Hail To The Rad Kids

The Belfast girl who painted a van Gogh mural on her bedroom wall

Meet Alyson Peabody, painter and theater kid
Fri, 04/08/2016 - 10:00am

    BELFAST — Like most teenagers, Alyson Peabody asked her parents if she could have the choice in painting her bedroom walls. Sure, they said. But, when they walked in later that night, they were stunned to see she’d painted a mural from Vincent van Gogh’s famous painting, the Starry Night, on one bedroom wall.

    “They just stood there and said, ‘Oh. OK, not what we expected,’” she said.

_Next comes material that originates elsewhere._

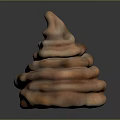 3D Rendered Stacked Reddish Brown Textured Object With Reflective Base and Dark Background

    However, given her level of talent, they were not unhappy. Later that night, she painted a rainy city on another wall and a woman in a dress that looks like a peacock on the third.

    “When I look at them, I just imagine all of the other images that I want to paint someday when I live in my own house, or I think of all of the backdrops I want to paint as a set designer,” she said.

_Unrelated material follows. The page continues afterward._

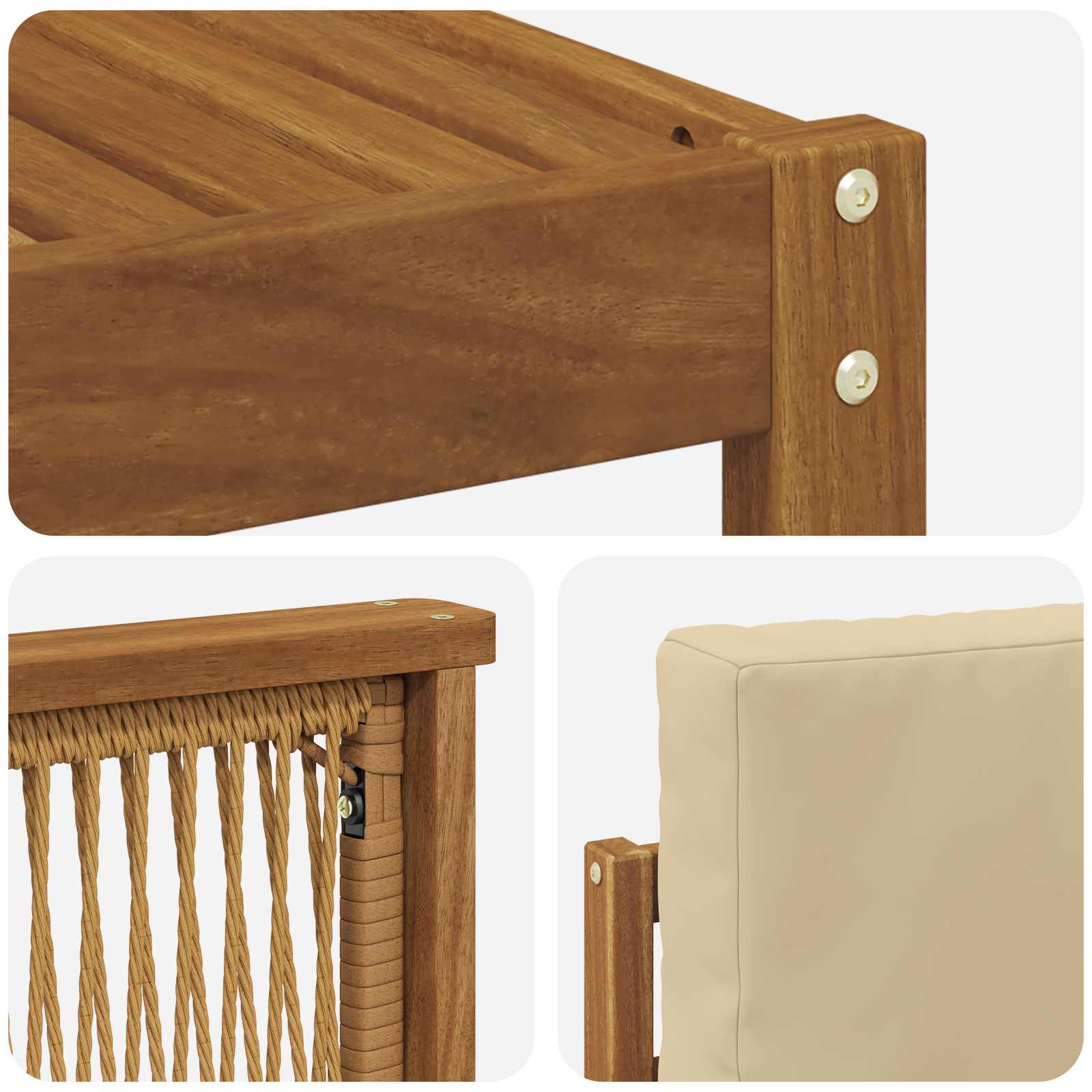 Set vanjskih sofa 4 pcs Prirodna i bež Poliester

    She submitted her first piece to Waterfall Arts Student Gallery of a woman sipping a cup of tea which she called “Tea-rrific.”

    “I saw this photo on Pinterest of a woman looking over her teacup with sort of this sly smile. I really like working with faces. There was just something about hers that was very happy and I wanted to paint it.”

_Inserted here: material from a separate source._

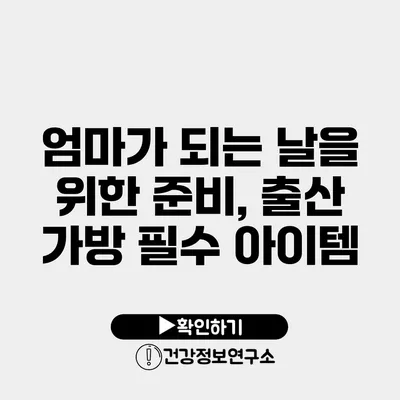 엄마가 되는 날을 위한 준비, 출산 가방 필수 아이템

    Scrolling through her portfolio, it’s obvious she’s drawn to subject’s eyes.

    “I put a lot of attention to detail in those,” she said.

    In one of her drawings, it’s obvious the subject is Audrey Hepburn.

    “This was the first time I had worked with charcoal in a few years, so this drawing was mostly experimentation. I really enjoy drawing and painting faces (and I had just watched Roman Holiday) so Hepburn was the first person that I thought of drawing.”

    The Belfast senior at BAHS is largely self-taught.

    “I’ve only taken one arts class here and it was crafts,” she laughed. “I really like working with acrylics, but I also like oil pastels too; that’s a lot of fun.”

    In her crafts class, she was assigned the project of making a plaster of Paris mold of her face and to make a mask out of it.

    “I toyed with many different ideas before I settled on creating the Medusa-like one. I wanted to incorporate nature into the face while keeping a relatively realistic look to the mask's flesh, so I decided to have the flowers sprouting from the eye sockets like the face is overflowing with natural beauty.”

    Peabody is naturally drawn to the creative arts and is into theater as well.

    “I've been involved in more than 12 shows as an actress, and one show as a stage manager. I am currently involved in the BAHS production of Willy Wonka and the Chocolate Factory where I will be portraying Willy Wonka/Candy Man, as well as help design set and props.”

    Well, as they say, the eyes have it.